Imaginez-vous marcher le long des quais de Marseille, Le Havre ou Bordeaux. L’odeur salée de la mer, le bruit des grues déplaçant des containers, et soudain, tout s’arrête. Les dockers, en gilets fluo siglés CGT, bloquent les accès, enflamment des pneus, et plantent leurs piquets de grève. C’est la scène chaotique qui se déroule actuellement dans les ports français, où la CGT-Ports et docks relance des grèves à répétition pour s’opposer à une réforme des retraites controversée.
La réforme en question ? Porter de 58 à 60 ans l’âge légal de départ à la retraite des dockers. Une pilule amère pour une profession déjà marquée par la pénibilité de son travail. Cette action de la CGT n’est pas seulement un refus de vieillir au travail, mais une véritable lutte pour la dignité et les promesses non tenues.
La Promesse Ébréchée de Macron
En avril 2022, en pleine campagne présidentielle, Emmanuel Macron se rend au port du Havre et fait une promesse claire aux dockers : la réforme des retraites ne les touchera pas. Mais une fois réélu, cette promesse semble avoir été oubliée. Pour les dockers, cette trahison est un coup de poignard. Ils se sentent utilisés et abandonnés, et leur colère est palpable.
Serge Coutouris, secrétaire général adjoint de la CGT-Ports et docks, ne mâche pas ses mots : « Le gouvernement doutait de notre capacité à mobiliser. Il va voir que tout le monde sera au rendez-vous. » Ces paroles résonnent comme un défi lancé au pouvoir en place, un rappel que les travailleurs ne sont pas des pions sur un échiquier politique.
Compétitivité et Confiance : Le Dilemme des Ports Français
Les répercussions de ces grèves vont bien au-delà des quais. La confiance des importateurs et exportateurs est en jeu. François Daniel, délégué général de TLF Overseas, prévient : « Le risque, c’est qu’on ne veuille plus passer par les ports français. » Et il a raison.
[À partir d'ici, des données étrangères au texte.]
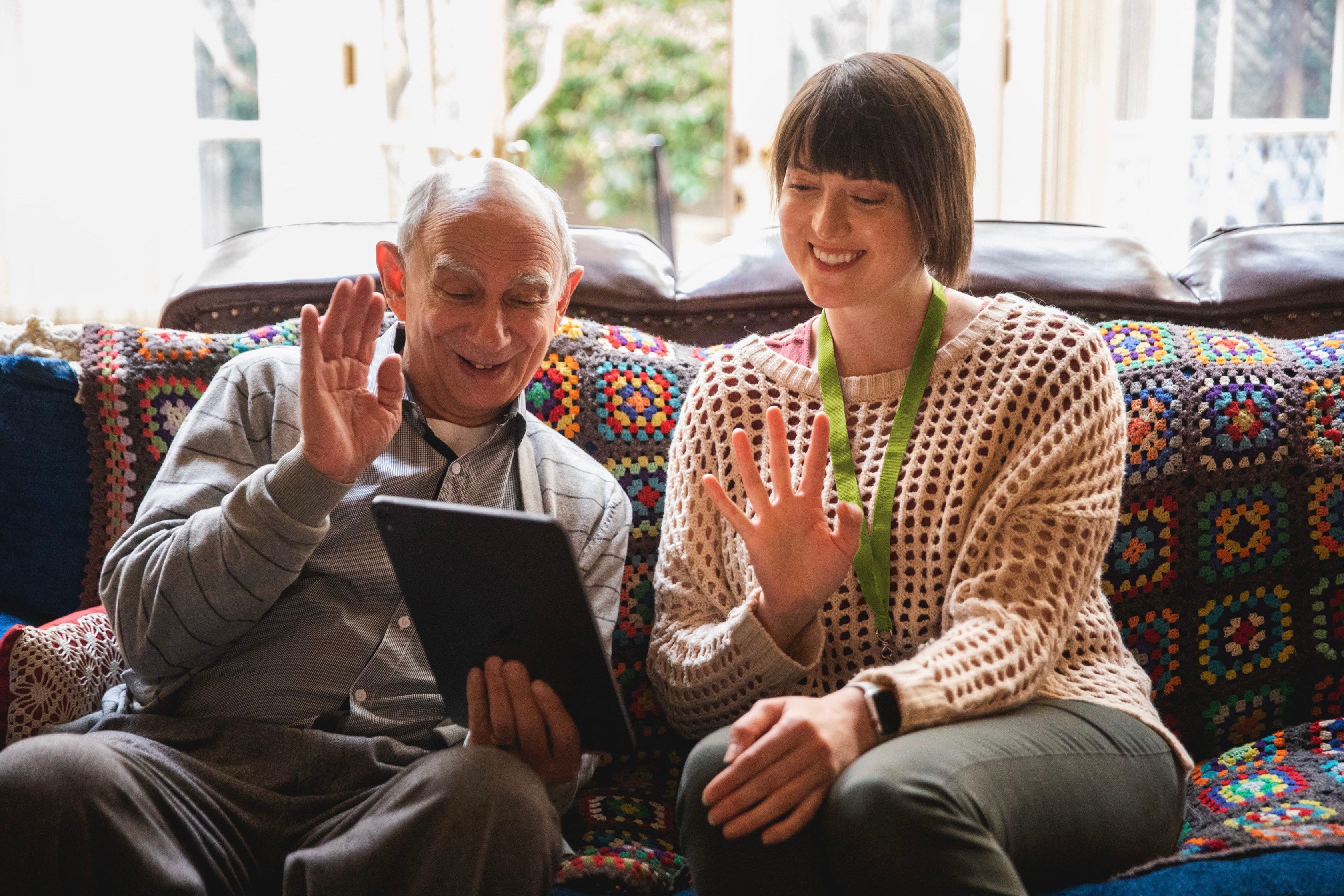 An elderly man and a woman sit on a couch, smiling and waving at a tablet during a video call. - Home Instead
Dans un monde globalisé où la rapidité et la fiabilité sont essentielles, les grèves à répétition peuvent être fatales pour la compétitivité des ports français face à des géants comme Rotterdam.
La France a déjà vu sa filière portuaire bousculée par la pandémie de Covid-19, la guerre en Ukraine et les tensions en mer Rouge. Ajouter à cela des grèves massives, c’est jouer avec le feu. Les entreprises de manutention et le gouvernement doivent trouver un terrain d’entente pour éviter une déroute économique.
Pénibilité et Négociations : Un Combat de Longue Haleine
Les dockers bénéficient d’un régime spécial à cause de la pénibilité de leur travail. Exposés à l’amiante jusqu’en 2004 et avec une espérance de vie réduite, certains peuvent partir à la retraite à 55 ans. Pourtant, les négociations sur la pénibilité avec le ministère des Transports n’ont toujours pas abouti. L’État et les entreprises de manutention refusent de payer un surcoût trop élevé, laissant les dockers dans l’incertitude.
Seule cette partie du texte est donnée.